In southern Afghanistan, engineers are gearing up a $34 million project to expand and widen the damaged 7,900-foot runway at the Kandahar airport, which is used for both military and commercial air traffic. A big test will come in January, when the air field will be used heavily to ferry passengers flying to and from the annual Muslim pilgrimage to Mecca, Saudi Arabia.
In Iraq, the military is spending $124 million to build new ramps, runway lights and sufficient tarmac to park 138 Army helicopters at the air field near Balad, north of Baghdad.
Commanders insist they are not planning a permanent American presence, but merely carrying out essential repairs to runways, ramps, storage depots, and air field lighting to better serve current operations. And they have insisted that the Iraqi and Afghan governments will have the final say on when American forces will leave. "We're not constructing it to have a permanent, enduring presence," Brig. Gen. Allen G. Peck, deputy commander of American air forces in the Middle East, said of the construction at Bagram. "It's a pretty rustic, expeditionary operation."
Overall, the number of bases in the region that the Air Force is using regularly has dropped to about 16 from a peak of 36 during the invasion of Iraq in 2003, General Peck said. Under a strategy that has evolved since the Sept. 11, 2001, terrorist attacks, the Pentagon is moving away from large permanent overseas bases, like those in Germany and Japan, in favor of basing arrangements that allow the American military to use a wide range of air fields and other sites when needed, whether for training, emergency landings or in a national security crisis.
Many former Soviet republics have embraced a new American military presence in their midst. The refueling and cargo mission operated by the United States from Manas Air Base in Kyrgyzstan has been essential to ferrying humanitarian aid, troops and equipment to and from Afghanistan. About 1,000 American troops operate from the airfield, the base for a dozen KC-135 refueling jets and C-130 cargo planes. Lt. Gen. Walter E. Buchanan III, the commander of American air forces in the Middle East, said in an interview at his headquarters here that there were really only two enduring bases for the United States in the region: Al Udeid in Qatar and Al Dhafra air base in the United Arab Emirates, from which the Air Force flies U-2 spy planes, the remotely piloted Global Hawk surveillance aircraft, and KC-135 refueling planes.
The improvements at Bagram and Balad have drawn extra attention because they are the air hubs for the American military operations in Afghanistan and Iraq. The improvements at Bagram are also to accommodate NATO and its air missions as the alliance gradually takes over security duties in the country.

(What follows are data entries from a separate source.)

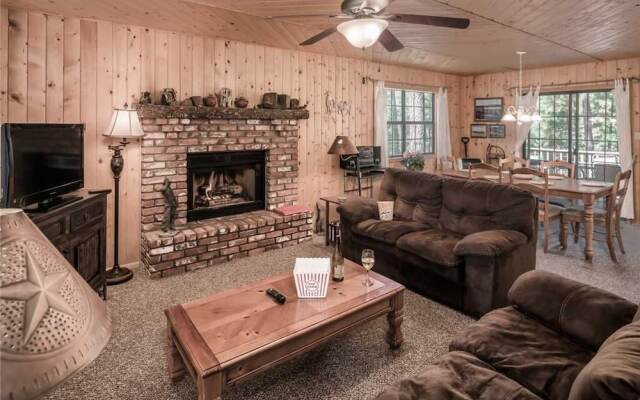 123 Rising Hill - Two Bedroom Cabin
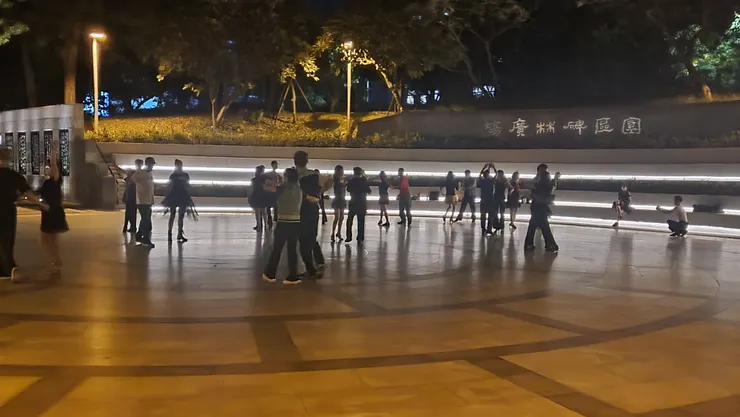 〔館美館〕靠英才路測面廣場(李建崑攝影 )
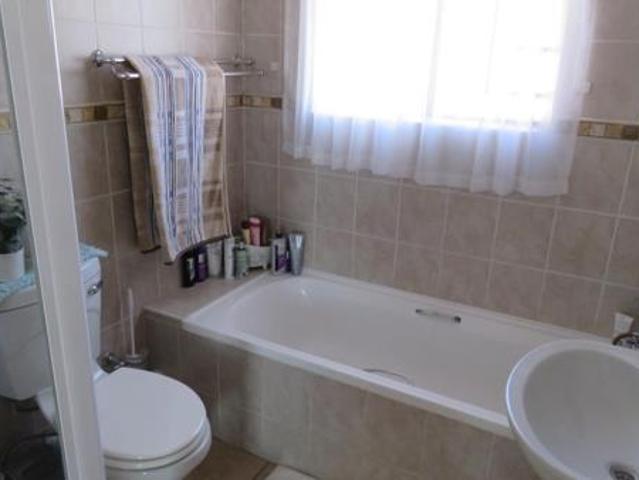 Townhouse for rent in Westonaria, Gauteng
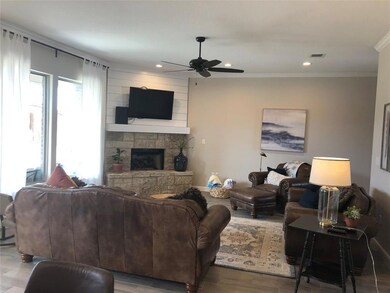 307 Mckittrick Ln, Godley, TX 76044 - photo 5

In Iraq, most of the military flights that at one time flew into Baghdad International Airport have been shifted to Balad to allow the resumption of commercial air traffic at Baghdad. With the loss of the Uzbek base, Bagram will pick up additional C-130 missions, a shift that was likely to have happened eventually, senior officers said. As part of the increased security for Sunday's parliamentary elections in Afghanistan, the Air Force has also added more A-10 ground-attack planes to Bagram.